■ Aim of the task: Copy word for word the lines in the records below, starting at the line with "Young Survival Coalition" and ending at the line with "Céline Borsa a". Skip the pictures.

■ Task material:

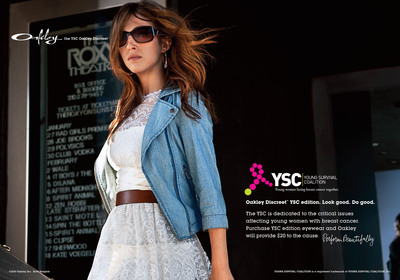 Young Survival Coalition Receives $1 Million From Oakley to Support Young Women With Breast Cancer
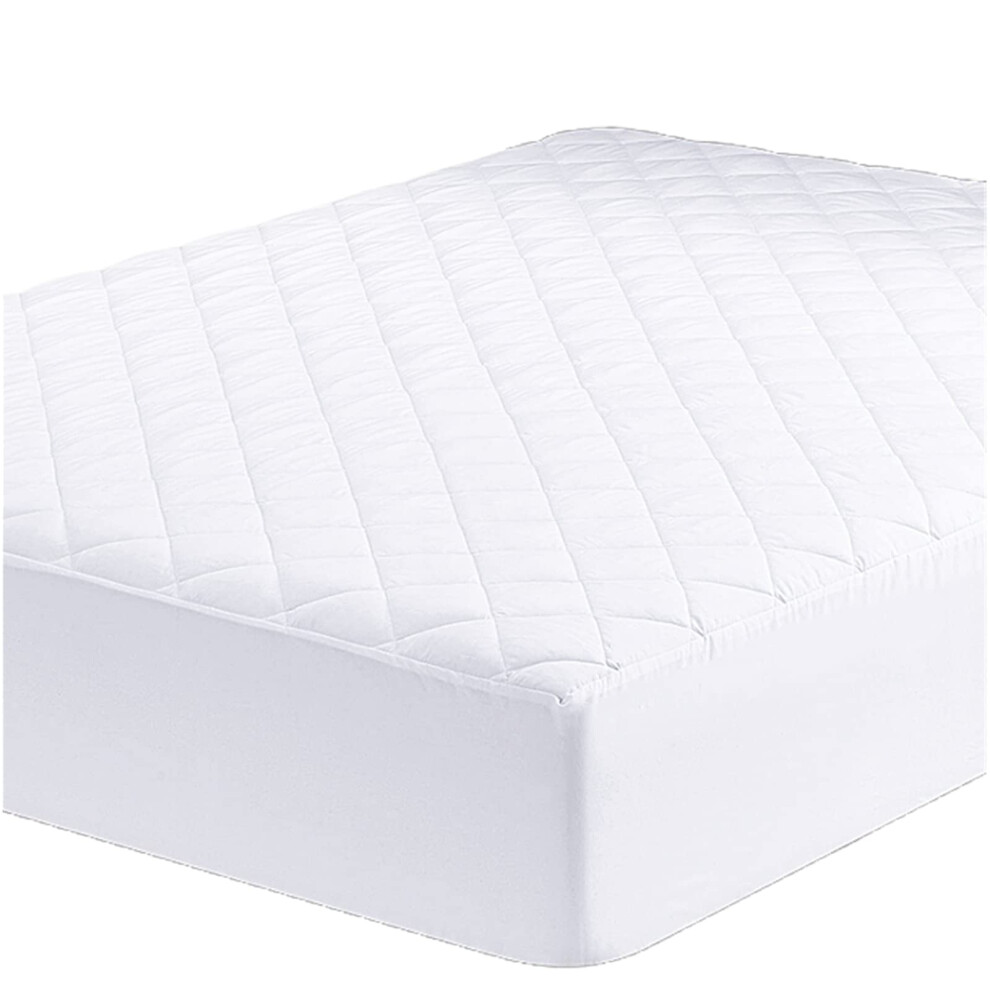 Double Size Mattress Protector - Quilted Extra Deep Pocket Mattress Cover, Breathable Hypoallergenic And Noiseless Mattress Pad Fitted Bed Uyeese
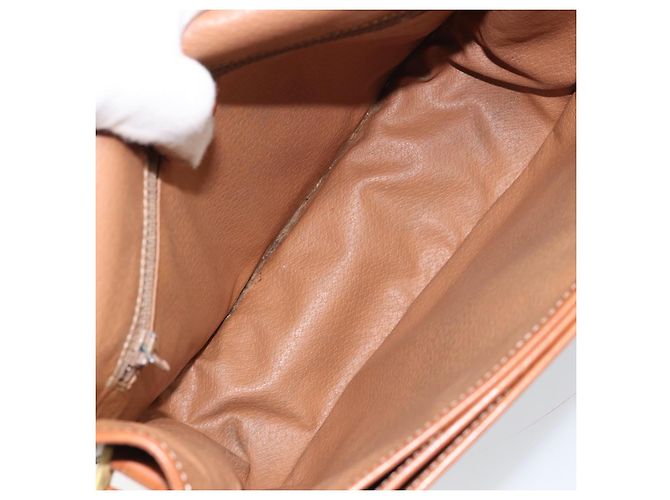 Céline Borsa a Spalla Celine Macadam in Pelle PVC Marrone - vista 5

--

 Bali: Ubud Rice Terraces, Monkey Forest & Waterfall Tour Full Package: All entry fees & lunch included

■ Exercise solution:
 Young Survival Coalition Receives $1 Million From Oakley to Support Young Women With Breast Cancer
 Double Size Mattress Protector - Quilted Extra Deep Pocket Mattress Cover, Breathable Hypoallergenic And Noiseless Mattress Pad Fitted Bed Uyeese
 Céline Borsa a Spalla Celine Macadam in Pelle PVC Marrone - vista 5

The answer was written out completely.